W-111-2
Food Webs: Key Components of Ecosystem Resilience and Productivity

Robert J. Naiman , Northwest Power and Conservation Council, Independent Scientific Advisory Board, Portland, OR
Erik Merrill , Fish and Wildlife Division, Northwest Power and Conservation Council, Portland, OR
Greg Ruggerone , Natural Resources Consultants, Inc., Seattle, WA
The food web concept remains one of the most useful – and challenging – ideas in ecology. Our presentation provides an overview of food webs and their application to the restoration of riverine resilience and productivity. Food webs, pathways by which energy, nutrients and other materials move to species of interest, are often considered as reflections of habitat.

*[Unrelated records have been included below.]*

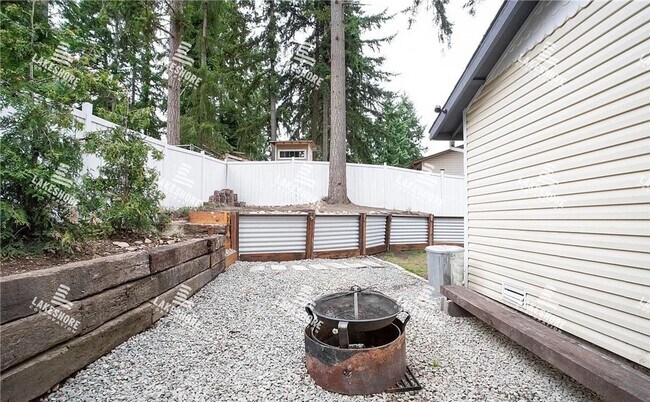 Building Photo - 3 Bed 2 Bath Graham Home w/ Beautiful Kitchen Remodel!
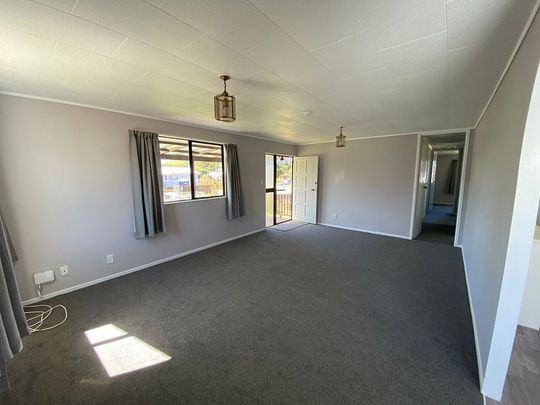 Spacious 3BR Family Haven in Mt. Wellington - Photo 1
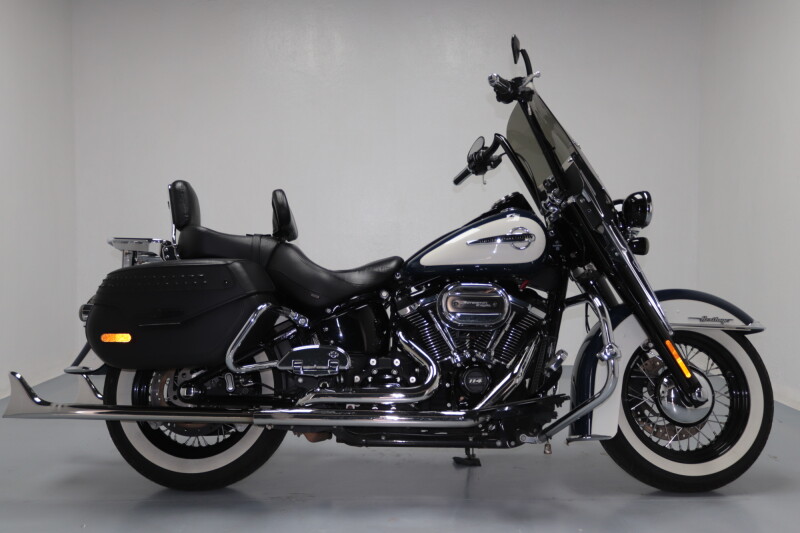 2019 Harley-Davidson® Heritage Classic 114 Billiard Blue/Billiard White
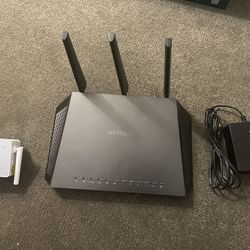 Netgear Nighthawk AC1900 (R7000) Router With AC750 (EX3700) Wi-Fi Extender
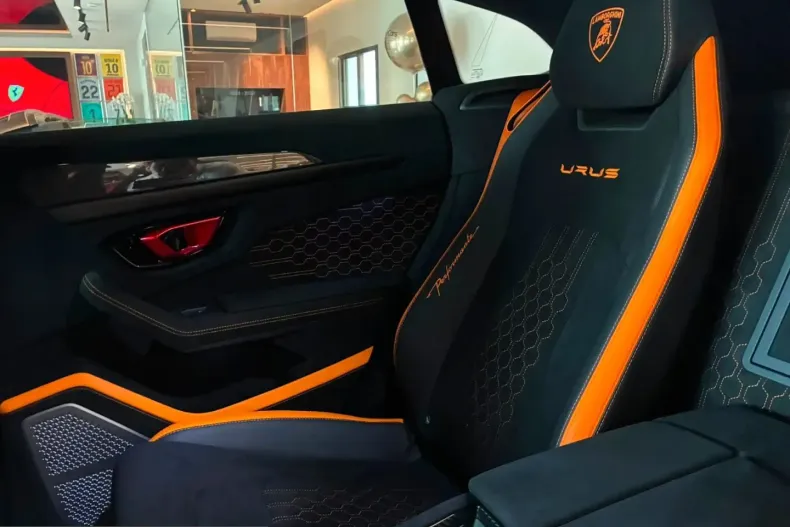 Lamborghini Urus din 2024 cu 4.100 km - oferta LAM239665 - foto 19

Nevertheless, many factors shape food web organization, productivity and resilience: species diversity, native and non-native species, chemical contaminants, habitat carrying capacity, nutrient delivery and cycling, competition, predation, disease and associated system-scale processes. Complex food webs have been successfully manipulated to improve water conditions and recreational fisheries while ill-advised manipulations have resulted in serious environmental issues (mysid introductions). We illustrate the usefulness of the food web concept using examples from the Columbia River Basin that reveal insights into basic properties underpinning productivity and resilience that cannot be obtained from an exclusive focus on hydrosystem, habitat, hatcheries and harvest. We examine the Basin’s capacity to produce fish, the mechanisms leading to widespread occurrence of salmonid density dependence despite apparently low abundances, and how knowledge of capacity and density dependence can be applied to restore the degraded ecosystem to benefit salmonids and other native species.